President Donald Trump has repeatedly called on Fed Chair Jerome Powell to cut interest rates, most recently after Automatic Data Processing (ADP) released its employment numbers on Wednesday. That report showed private sector employment grew last month at the slowest pace since March 2023.
Despite continuing progress toward the Federal Open Market Committee's 2% inflation target, the Fed governor said goods inflation has escalated.
"Disinflation has slowed, and we are already seeing the effects of higher tariffs, which I expect will continue to raise inflation over 2025," Kugler said in a speech at the Economic Club of New York. "I see greater upside risks to inflation at this juncture and potential downside risks to employment and output growth down the road, and this leads me to continue to support maintaining the FOMC's policy rate at its current setting if upside risks to inflation remain."
The FOMC next meets on June 17 and 18, when its widely expected to hold its policy steady.

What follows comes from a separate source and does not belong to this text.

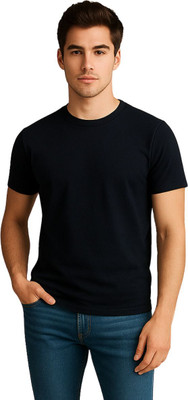 KART BLACK Solid Men Round Neck Black T-Shirt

After agreeing last month to suspend most tariffs on each other's imports for 90 days, the US and China recently accused each other of violating their preliminary trade deal. In a social media post on Thursday, Trump said that he had a "very good" phone call with his Chinese counterpart, Xi Jinping.
In April, Trump declared a 90-day pause on certain tariffs for countries that didn't retaliate to his reciprocal duties.

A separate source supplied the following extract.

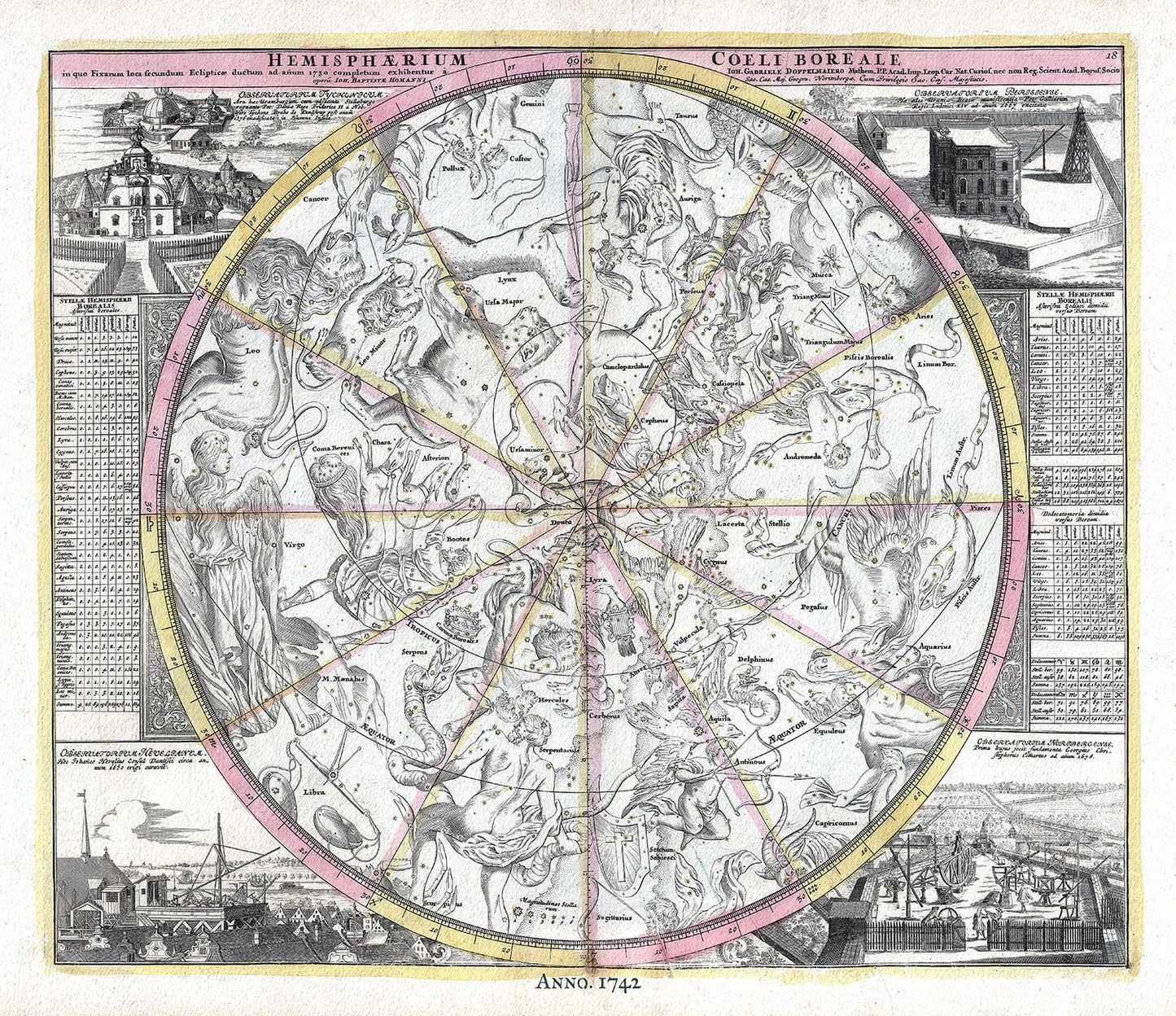 Celestial: Hemispharium Coeli Boreale, 1742, Doppelmayr auth. - The Map Chest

"I view our current stance of monetary policy as well-positioned for any changes in the macroeconomic environment," Kugler said, echoing remarks made by Fed Governor Lisa Cook on Tuesday.
In its latest Beige Book released Wednesday, the Fed said that US economic activity "declined slightly" since late April as tariffs put upward pressure on prices.
"The nontraditional data on economic activity are consistent with my overall assessment that we might be seeing some moderation in the growth of economic activity but not yet a significant slowdown," Kugler said Thursday.